Case Report
Copyright ©The Author(s) 2020. Published by Baishideng Publishing Group Inc. All rights reserved.
World J Gastrointest Surg. Mar 27, 2020; 12(3): 123-128
Published online Mar 27, 2020. doi: 10.4240/wjgs.v12.i3.123
Isolated gallbladder tuberculosis mimicking acute cholecystitis: A case report
Kai Siang Chan, Vishal G Shelat, Cher Heng Tan, Yee Lin Tang, Sameer P Junnarkar
Kai Siang Chan, Lee Kong Chian School of Medicine, Nanyang Technological University, Singapore 308232, Singapore
Vishal G Shelat, Sameer P Junnarkar, Department of General Surgery, Tan Tock Seng Hospital, Singapore 308433, Singapore
Cher Heng Tan, Department of Diagnostic Radiology, Tan Tock Seng Hospital, Singapore 308433, Singapore
Sameer P Junnarkar, Department of Pathology, Tan Tock Seng Hospital, Singapore 308433, Singapore
ORCID number: Kai Siang Chan (0000-0001-9533-801X); Vishal G Shelat (0000-0003-3988-8142); Cher Heng Tan (0000-0003-3341-3111); Yee Lin Tang (0000-0003-4813-3809); Sameer P Junnarkar (0000-0003-0588-1014).
Author contributions: Chan KS wrote the paper; Shelat VG and Junnarkar SP performed the operation, supervised the study and designed the study; Tan CH and Tang YL provided advice and guidance on radiological and histopathological findings respectively.
Informed consent statement: Consent has been taken from the patient for publication of findings in a journal.
Conflict-of-interest statement: The authors declare that there is no conflict of interest.
CARE Checklist (2016) statement: The authors have read the CARE Checklist (2016), and the manuscript was prepared and revised according to the CARE Checklist (2016).
Open-Access: This article is an open-access article that was selected by an in-house editor and fully peer-reviewed by external reviewers. It is distributed in accordance with the Creative Commons Attribution NonCommercial (CC BY-NC 4.0) license, which permits others to distribute, remix, adapt, build upon this work non-commercially, and license their derivative works on different terms, provided the original work is properly cited and the use is non-commercial. See: http://creativecommons.org/licenses/by-nc/4.0/
Corresponding author: Sameer P Junnarkar, FRCS (Gen Surg), MBBS, MD, Doctor, Surgeon, Department of General Surgery, Tan Tock Seng Hospital, 11 Jalan Tan Tock Seng, Singapore 308433, Singapore. sp_junnarkar@ttsh.com.sg
Received: October 14, 2019
Peer-review started: October 14, 2019
First decision: November 6, 2019
Revised: November 20, 2019
Accepted: December 14, 2019
Article in press: December 14, 2019
Published online: March 27, 2020

Abstract
BACKGROUND

Isolated tuberculosis of the gallbladder is extremely rare due to its intrinsic resistance to tuberculous infections.
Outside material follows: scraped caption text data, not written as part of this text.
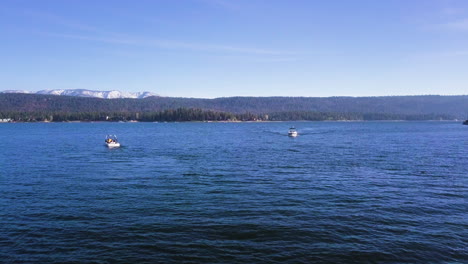 leisure boats floating on freshwater of big bear lake in america on summer day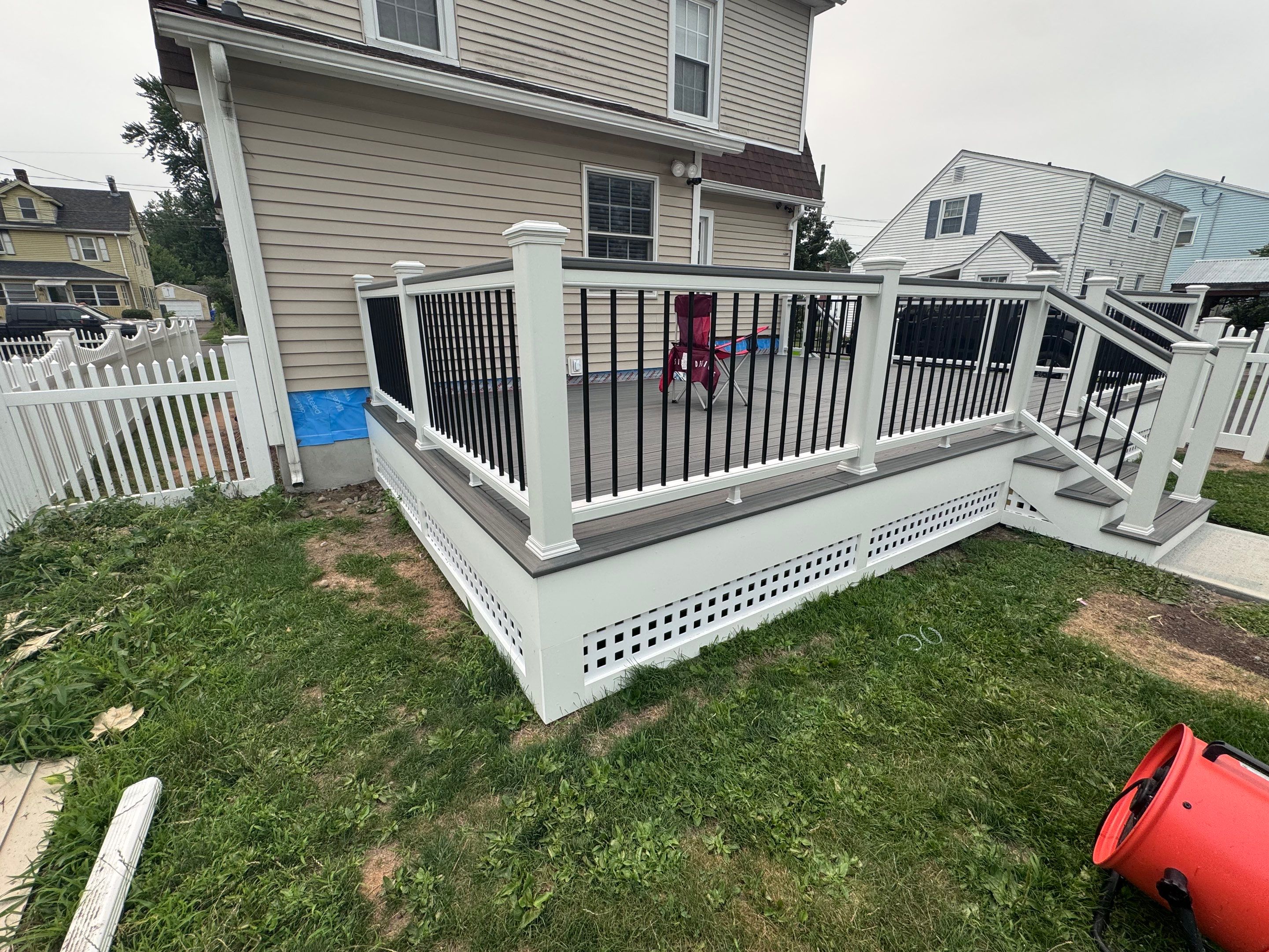 Deck Replacement usin gTrex Tropical Islandmist and Transcend Cocktail rail, Includes lattice and a gate. by DiGiorgi Roofing and Siding Inc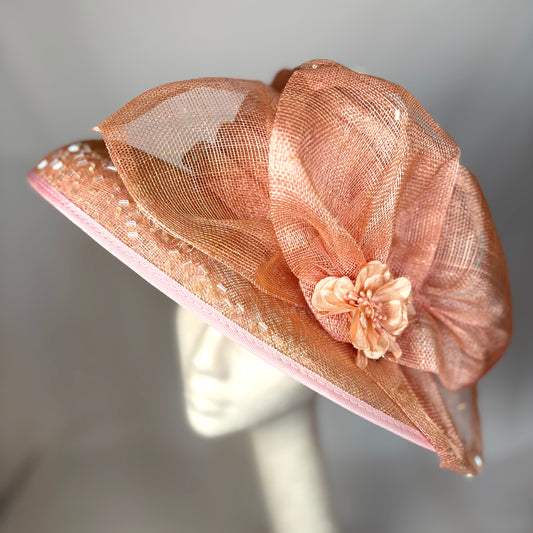 Orange statement occasion hat with bold flower design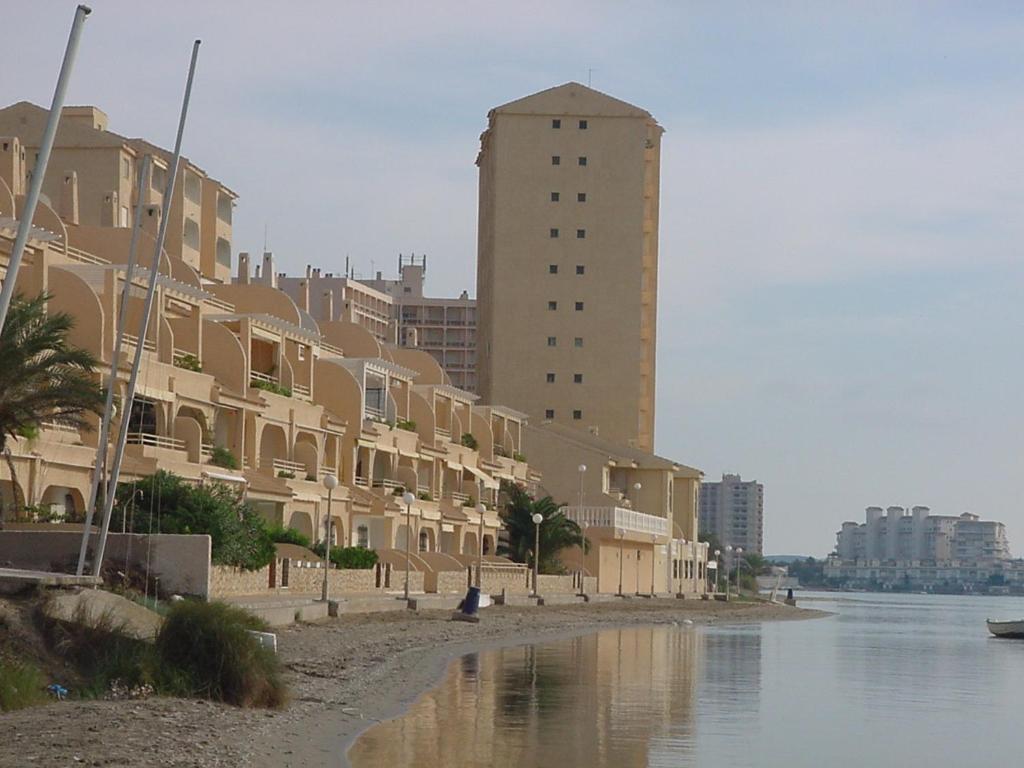 un edificio en una playa junto a un cuerpo de agua en Apartamentos Neptuno GL V.v., en La Manga del Mar Menor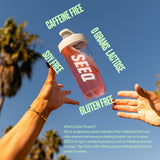 SEEQ Clear Whey Isolate Watermelon Wave kitchen counter with an ice-ready shake
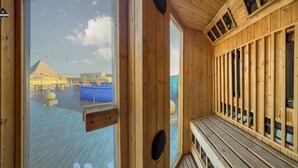 Un interior de madera con un ventanal grande que da a una piscina y una estructura piramidal.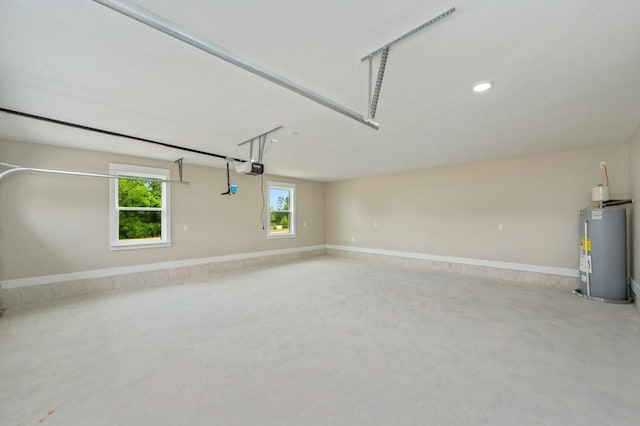 1517 Kais St, Baker, FL 32531 - garage with a garage door opener, gas water heater, and baseboards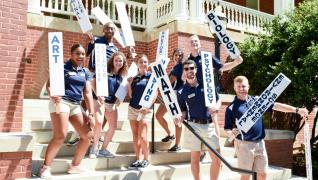 orientation team holds up signs for each program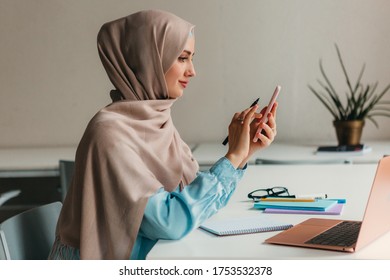 Young Pretty Modern Muslim Woman In Hijab Working On Laptop In Office Room, Education Online, Remote Work Freelancer, Using Smartphone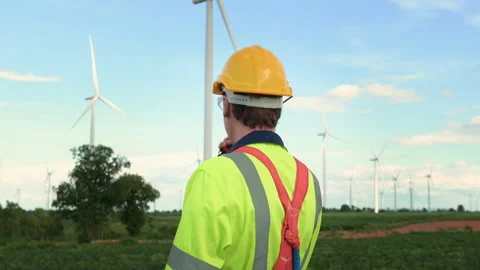A smart engineer with protective helmet on head, using walkie talkie at ele.. Stock Footage 269099263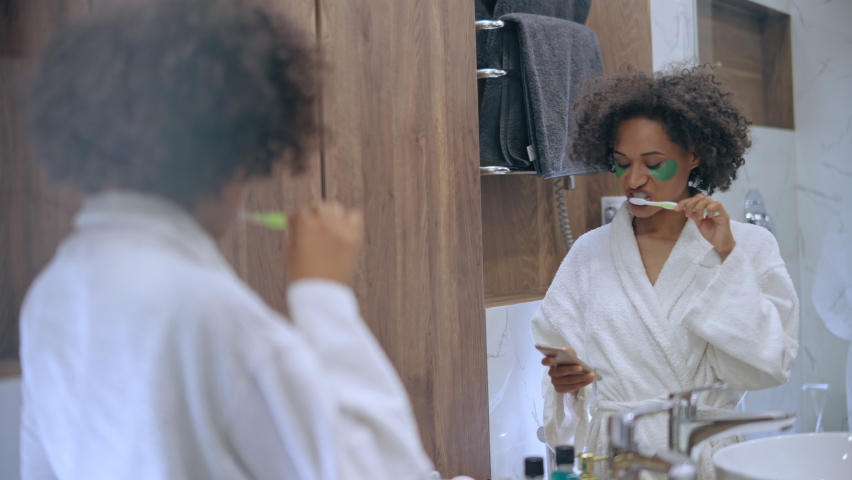 Busy woman in eye patches brushing teeth and scrolling smartphone in bathroom
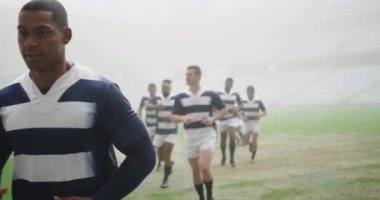 Stadyumda koşan çeşitli erkek rugby oyuncularının ön görüntüsü. 4 km ısınıyorlar.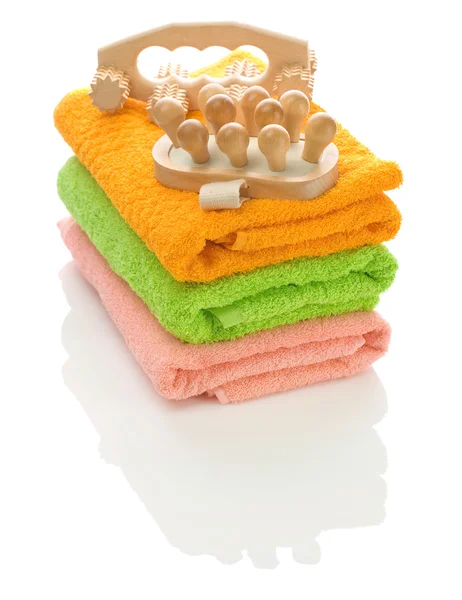 Wooden massagers on towels — Stock Photo, Image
There are reports of gallbladder tuberculosis mimicking cholecystitis or malignancy. However, these presentations were chronic. The diagnosis of gallbladder tuberculosis warrants the need for investigation of additional sites of inoculation and contact tracing of all tuberculosis contacts. Gallbladder tuberculosis is a rare entity but should be suspected in patients from endemic regions with risk factors such as underlying immunosuppression or history of tuberculosis.

CASE SUMMARY

We present a case of gallbladder tuberculosis presenting as acute cholecystitis. A 44-year-old Filipino lady presented with a 11-d history of right hypochondrium and epigastric pain which worsened after meals with no significant past medical history. She underwent laparoscopic cholecystectomy on the presumptive diagnosis of acute cholecystitis and diagnosed as gallbladder tuberculosis after histopathological examination. The patient did not have features of pulmonary or systemic tuberculosis nor was she immunocompromised. She recovered uneventfully. She was subsequently discharged and followed-up at a hospital in her home country due to financial and social reasons.

CONCLUSION

Clinicians should have a high index of suspicion for patients in endemic regions presenting with cholecystitis.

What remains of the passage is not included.